Key caveat: MLPerf’s primary modes (Offline and SingleStream) do not account for full deployment environments. Only the server scenario approximates online behavior, but still in a semi-simulated, bounded way, lacking real-world user concurrency and latency-pressure dynamics. For full realism, a custom online benchmarking framework is needed—one that evaluates E2E latency under concurrent user load, which MLPerf5.1 does not comprehensively address.

Beyond MLPerf: the rise of online benchmarks

While MLPerf has evolved as the industry standard for AI processor performance in standalone mode, an early entrant in this space is SemiAnalysis.

SemiAnalysis

SemiAnalysis is an independent research firm and subscriber-based newsletter founded by Dylan Patel and supported by a global team of analysts and engineers. Its domain expertise covers the entire semiconductor and AI infrastructure landscape, from chip design and wafer fabrication to datacenter architecture and cloud economics.

The firm’s mission is to bridge the gap between deep technical knowledge and the business realities of deploying AI systems. By offering detailed, model-based analyses of accelerators, datacenter buildouts, total cost of ownership (TCO) forecasts, and production trends, SemiAnalysis provides a foundation for strategic decision-making in an industry driven by constant innovation.

What distinguishes SemiAnalysis is its commitment to rigorous, data-driven evaluation. Its proprietary tools, including ClusterMAX and cloud TCO models, are based on granular, bottom-up datasets. This depth of analysis has earned it the trust of major players in the industry, including Nvidia, AMD, Oracle, and CoreWeave, which rely on the insights for benchmarking and infrastructure planning.
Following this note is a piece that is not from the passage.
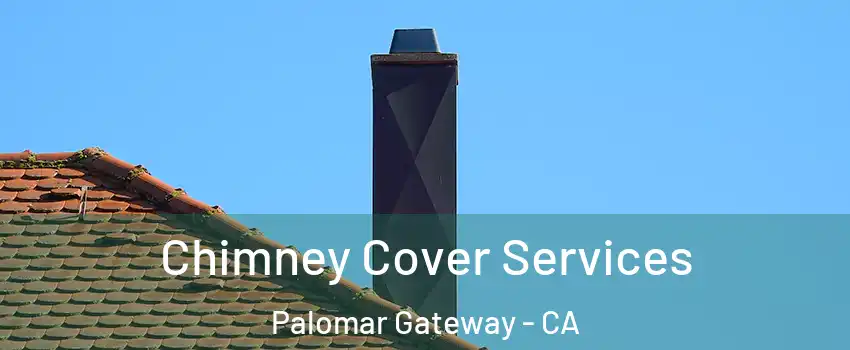 Chimney Cover Services Palomar Gateway - CA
Beyond the data, SemiAnalysis also emphasizes accessibility. The content is designed to be valuable to both technical experts and business stakeholders, ensuring that insights are not only accurate but also actionable across different roles. In doing so, they help engineers, investors, and operators alike navigate the complex, high-stakes world of AI hardware with greater clarity and confidence.

An example excerpted from SemiAnalysis website is captured in the graph in Figure 3. It maps throughput per GPU versus E2E latency of five accelerators (AMD MI300X and MI325X; Nvidia H100, H200, and H200-TRT) processing Llama 405B workload.
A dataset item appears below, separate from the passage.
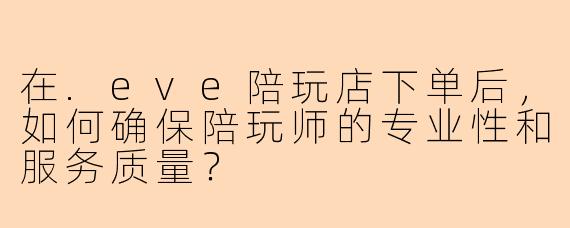 在.eve陪玩店下单后，如何确保陪玩师的专业性和服务质量？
**Figure 3: Throughput per GPU versus E2E latency of five accelerators (AMD MI300X and MI325X; Nvidia H100, H200, and H200-TRT) processing LlaMA-405B workload. (Source: SemiAnalysis)**

To quote the website, “The graph shows that serving large dense models is AMD GPUs’ strong suit. Specifically, the MI325X seems to crush the competition across all latency scenarios, and the MI300X even outperforms the H200 with vLLM at around the 250-second latency mark. On the other hand, the H100 plateaus at around 350 tokens per second, and the H200 with vLLM at 600 tokens per second. The H200 with TensorRT-LLM reigns supreme, significantly outperforming all the other configurations after the 50-second latency mark.”

Running large dense models for summarization-like workloads is still memory-bound, despite the workload being prefill-heavy, and we can see the effects from the graph.

As AI continues to expand into every sector, the tools we use to measure system performance must keep pace. SemiAnalysis is leading this shift with complementary benchmarking approaches that go beyond the narrow focus of traditional tests.